Давиан подтянулся с кровати и поспешил с её слететь и как только его ноги оказываются на полу, сирены умолкают, весь рёв пропадает и истошный визг нисходит к исчезновению, а вместо него полился тяжёлый машинный голос:
– Жители Общей Соты №14, проследуйте следующее сообщение, – резкий трёхсекундный звон сменил слово и опять диктор продолжил, – Партийцев, исполняющих повинность труда Холлов с первого по пятый, с седьмой по последний этаж просим оставаться в обще-своих комнатах. Все партийцы Холлов на шестом этаже, – «Это же мой этаж» – блеснула мысль прежде чем Давиан вернулся к обращению диктора, – обязаны выполнить Народную Директиву «Упреждение».

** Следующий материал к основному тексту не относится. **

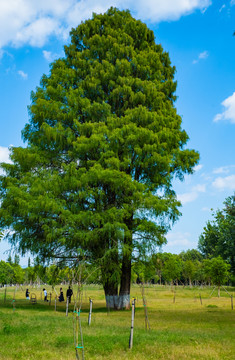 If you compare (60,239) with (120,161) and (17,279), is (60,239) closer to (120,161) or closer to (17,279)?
(120,161)

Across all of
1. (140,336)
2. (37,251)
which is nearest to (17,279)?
(37,251)

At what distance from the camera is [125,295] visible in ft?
67.1

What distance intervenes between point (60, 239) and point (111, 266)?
3263 millimetres

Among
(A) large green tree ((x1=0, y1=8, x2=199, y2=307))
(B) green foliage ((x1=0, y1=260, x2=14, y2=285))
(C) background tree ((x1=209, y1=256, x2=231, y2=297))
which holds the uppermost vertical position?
(A) large green tree ((x1=0, y1=8, x2=199, y2=307))

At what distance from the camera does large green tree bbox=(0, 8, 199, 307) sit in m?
18.5

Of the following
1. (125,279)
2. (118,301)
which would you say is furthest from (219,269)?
(118,301)

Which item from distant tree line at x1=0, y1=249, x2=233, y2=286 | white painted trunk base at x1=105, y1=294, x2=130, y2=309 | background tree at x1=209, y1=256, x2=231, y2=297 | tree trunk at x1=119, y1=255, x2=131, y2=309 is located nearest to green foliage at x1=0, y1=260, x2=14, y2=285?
distant tree line at x1=0, y1=249, x2=233, y2=286

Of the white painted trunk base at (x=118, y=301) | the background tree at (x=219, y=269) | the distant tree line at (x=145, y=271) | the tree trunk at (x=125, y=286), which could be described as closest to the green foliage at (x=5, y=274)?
the distant tree line at (x=145, y=271)

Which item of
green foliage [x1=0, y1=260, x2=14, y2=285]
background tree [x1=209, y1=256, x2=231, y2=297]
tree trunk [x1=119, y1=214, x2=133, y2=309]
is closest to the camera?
tree trunk [x1=119, y1=214, x2=133, y2=309]

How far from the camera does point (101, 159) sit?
1964 centimetres

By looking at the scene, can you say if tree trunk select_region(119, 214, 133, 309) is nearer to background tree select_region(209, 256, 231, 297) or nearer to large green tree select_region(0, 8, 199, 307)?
large green tree select_region(0, 8, 199, 307)

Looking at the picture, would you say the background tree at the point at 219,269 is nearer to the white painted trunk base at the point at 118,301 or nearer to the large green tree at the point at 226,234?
the large green tree at the point at 226,234

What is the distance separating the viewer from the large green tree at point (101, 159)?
60.7ft

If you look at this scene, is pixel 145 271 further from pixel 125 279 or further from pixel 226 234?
pixel 226 234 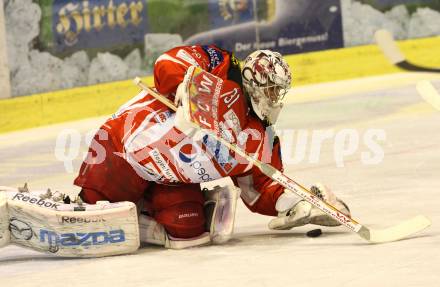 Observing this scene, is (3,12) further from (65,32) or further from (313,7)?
(313,7)

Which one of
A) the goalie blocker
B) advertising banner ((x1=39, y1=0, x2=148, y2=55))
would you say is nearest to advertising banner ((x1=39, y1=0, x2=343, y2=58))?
advertising banner ((x1=39, y1=0, x2=148, y2=55))

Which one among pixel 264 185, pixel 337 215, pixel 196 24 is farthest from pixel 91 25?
pixel 337 215

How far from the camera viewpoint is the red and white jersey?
3680 mm

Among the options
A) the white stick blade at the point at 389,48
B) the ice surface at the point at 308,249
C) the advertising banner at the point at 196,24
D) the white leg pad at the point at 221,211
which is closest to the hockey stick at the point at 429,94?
the ice surface at the point at 308,249

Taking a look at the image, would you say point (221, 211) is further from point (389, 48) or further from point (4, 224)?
point (389, 48)

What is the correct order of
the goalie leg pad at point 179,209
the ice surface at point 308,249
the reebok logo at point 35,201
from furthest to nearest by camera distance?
the goalie leg pad at point 179,209
the reebok logo at point 35,201
the ice surface at point 308,249

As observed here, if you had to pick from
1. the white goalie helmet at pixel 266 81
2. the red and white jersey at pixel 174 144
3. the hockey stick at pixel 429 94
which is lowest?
the hockey stick at pixel 429 94

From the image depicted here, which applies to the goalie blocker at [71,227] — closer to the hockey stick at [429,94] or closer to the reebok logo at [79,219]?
the reebok logo at [79,219]

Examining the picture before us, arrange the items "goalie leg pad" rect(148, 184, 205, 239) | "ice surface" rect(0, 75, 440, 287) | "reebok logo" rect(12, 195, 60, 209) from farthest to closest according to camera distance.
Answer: "goalie leg pad" rect(148, 184, 205, 239), "reebok logo" rect(12, 195, 60, 209), "ice surface" rect(0, 75, 440, 287)

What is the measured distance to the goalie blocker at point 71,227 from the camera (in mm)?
3549

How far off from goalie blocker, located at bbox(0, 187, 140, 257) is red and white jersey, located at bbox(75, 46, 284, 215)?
21 cm

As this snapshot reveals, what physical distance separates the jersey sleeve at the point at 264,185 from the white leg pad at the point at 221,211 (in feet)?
0.27

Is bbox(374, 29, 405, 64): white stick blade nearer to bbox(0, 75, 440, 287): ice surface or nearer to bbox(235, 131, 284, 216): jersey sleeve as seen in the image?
bbox(0, 75, 440, 287): ice surface

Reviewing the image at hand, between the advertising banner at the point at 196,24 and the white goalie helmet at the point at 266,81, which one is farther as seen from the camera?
the advertising banner at the point at 196,24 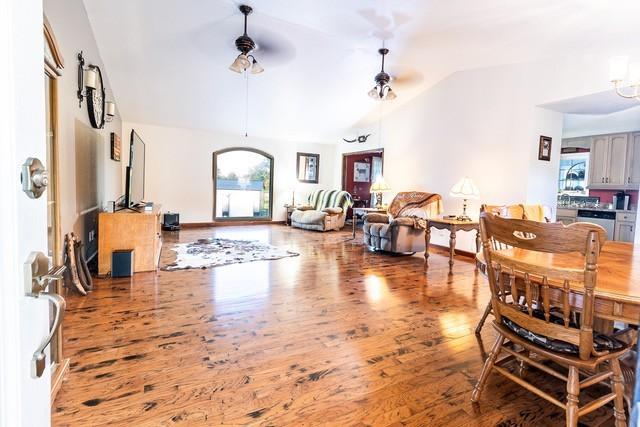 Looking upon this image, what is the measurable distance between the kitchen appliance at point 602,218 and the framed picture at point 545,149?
5.96 feet

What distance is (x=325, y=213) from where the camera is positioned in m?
7.38

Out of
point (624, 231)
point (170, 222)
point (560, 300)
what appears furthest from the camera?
point (170, 222)

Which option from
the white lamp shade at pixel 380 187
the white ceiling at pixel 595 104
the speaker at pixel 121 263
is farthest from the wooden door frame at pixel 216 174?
the white ceiling at pixel 595 104

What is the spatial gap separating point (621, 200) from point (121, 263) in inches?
284

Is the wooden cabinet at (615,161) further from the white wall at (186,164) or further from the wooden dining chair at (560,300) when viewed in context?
the white wall at (186,164)

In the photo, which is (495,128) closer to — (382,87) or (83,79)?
(382,87)

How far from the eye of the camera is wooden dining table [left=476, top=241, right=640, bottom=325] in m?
1.26

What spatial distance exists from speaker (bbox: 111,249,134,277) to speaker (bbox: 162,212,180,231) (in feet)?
11.5

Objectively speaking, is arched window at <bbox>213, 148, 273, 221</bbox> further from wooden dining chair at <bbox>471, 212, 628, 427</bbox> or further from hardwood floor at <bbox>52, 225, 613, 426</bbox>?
wooden dining chair at <bbox>471, 212, 628, 427</bbox>

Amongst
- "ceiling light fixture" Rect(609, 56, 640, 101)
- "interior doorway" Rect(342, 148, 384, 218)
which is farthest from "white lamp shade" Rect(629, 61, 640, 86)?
"interior doorway" Rect(342, 148, 384, 218)

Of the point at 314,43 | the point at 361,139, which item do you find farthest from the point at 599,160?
the point at 314,43

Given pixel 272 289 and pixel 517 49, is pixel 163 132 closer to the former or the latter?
pixel 272 289

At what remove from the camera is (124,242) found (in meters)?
3.69

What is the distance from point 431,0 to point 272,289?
313cm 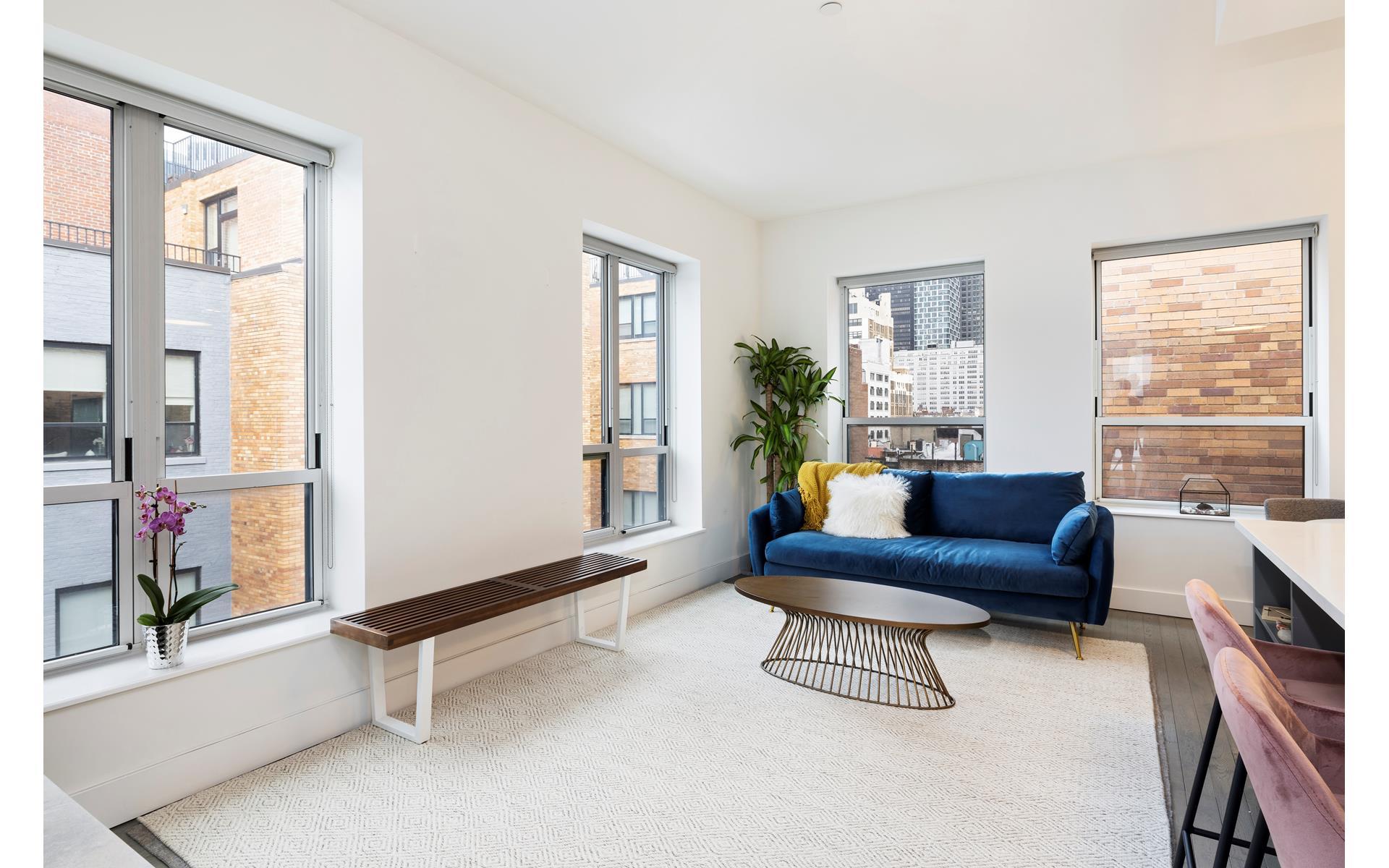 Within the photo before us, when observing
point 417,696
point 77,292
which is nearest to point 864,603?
point 417,696

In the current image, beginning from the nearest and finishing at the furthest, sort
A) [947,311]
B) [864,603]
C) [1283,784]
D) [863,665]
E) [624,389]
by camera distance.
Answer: [1283,784] → [864,603] → [863,665] → [624,389] → [947,311]

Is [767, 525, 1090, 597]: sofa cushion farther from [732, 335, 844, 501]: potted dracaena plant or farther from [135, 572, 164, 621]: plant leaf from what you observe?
[135, 572, 164, 621]: plant leaf

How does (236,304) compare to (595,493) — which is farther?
(595,493)

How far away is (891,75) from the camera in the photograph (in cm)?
339

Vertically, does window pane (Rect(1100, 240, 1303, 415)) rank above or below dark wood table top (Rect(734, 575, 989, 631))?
above

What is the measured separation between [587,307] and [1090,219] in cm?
317

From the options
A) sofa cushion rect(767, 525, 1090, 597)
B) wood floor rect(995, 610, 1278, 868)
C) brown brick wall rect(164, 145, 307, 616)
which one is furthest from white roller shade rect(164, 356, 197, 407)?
wood floor rect(995, 610, 1278, 868)

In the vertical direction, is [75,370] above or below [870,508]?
above

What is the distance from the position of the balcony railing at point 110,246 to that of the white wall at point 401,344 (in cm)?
40

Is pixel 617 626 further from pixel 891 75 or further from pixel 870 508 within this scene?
pixel 891 75

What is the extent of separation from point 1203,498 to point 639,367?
361 cm

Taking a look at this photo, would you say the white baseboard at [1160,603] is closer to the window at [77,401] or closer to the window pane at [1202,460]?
the window pane at [1202,460]

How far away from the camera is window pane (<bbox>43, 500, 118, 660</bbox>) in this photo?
230 centimetres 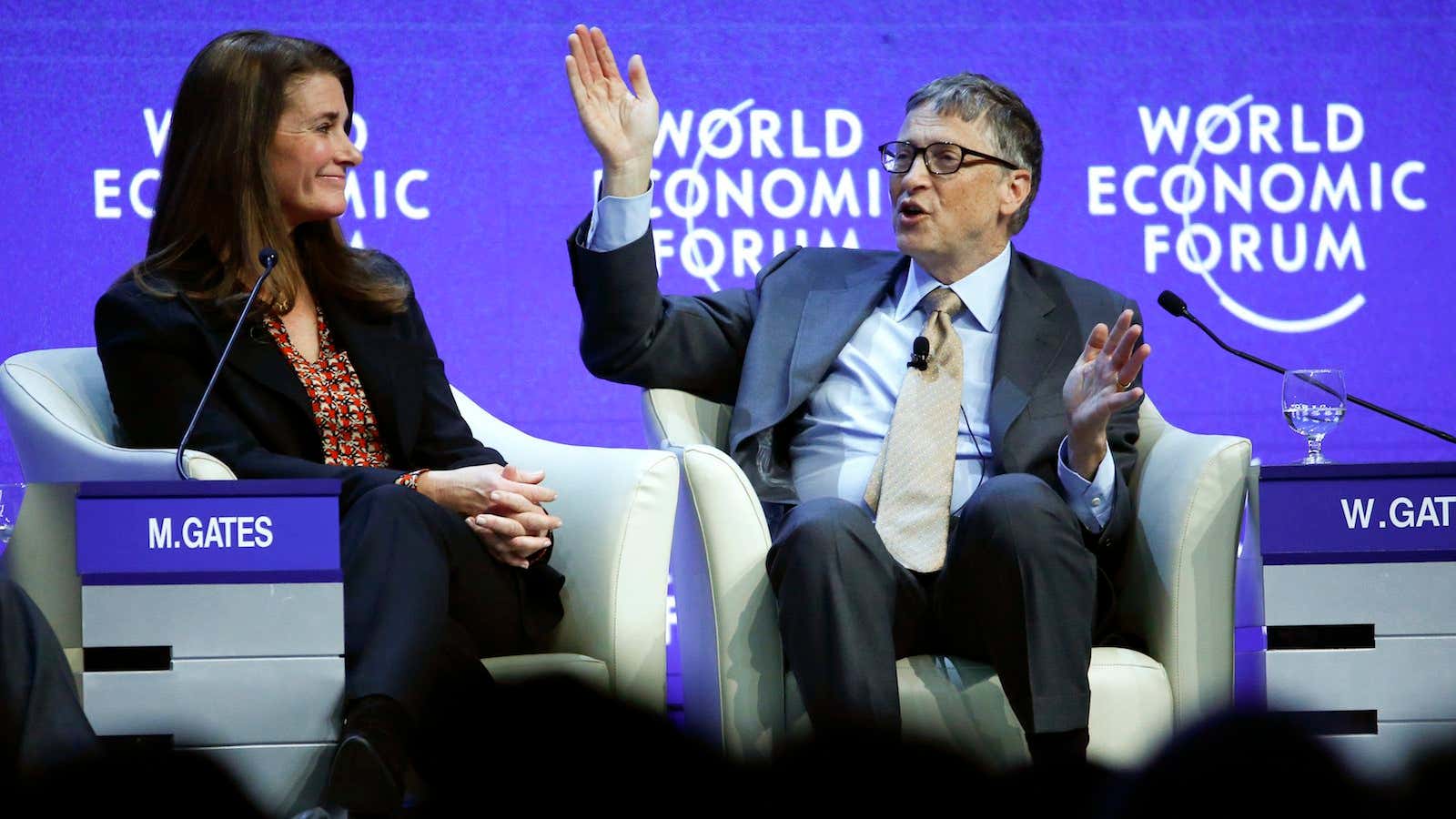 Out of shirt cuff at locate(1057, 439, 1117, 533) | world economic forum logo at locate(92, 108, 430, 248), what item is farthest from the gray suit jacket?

«Это что ещё за хрень?» – негодующе спросил про себя Давиан, натягивающий свой плащ и ровняя капюшон на нём.
И стоило только диктору умолкнуть, как сирены снова взяли слово, и их громогласное воззвание ещё раз спешит наполнить помещения гулким визгом, призывая непонятно к чему.
Ещё вчера всё было хорошо, тихо и мирно. Давиан пришёл после долгих проповедей, где проклинал Рейх, снял по карточке еды с водой и уставился смотреть единственный канал… что ещё нужно жителю Коммуны? Вечер был прекрасен – облаков становилось всё больше, и оттенок небесной тверди стал тёмно-свинцовый, казалось даже, что пойдёт снег, но утро опять дарит образы монохромного и лишающего надежды на осадки бетонно-тусклый небосвод.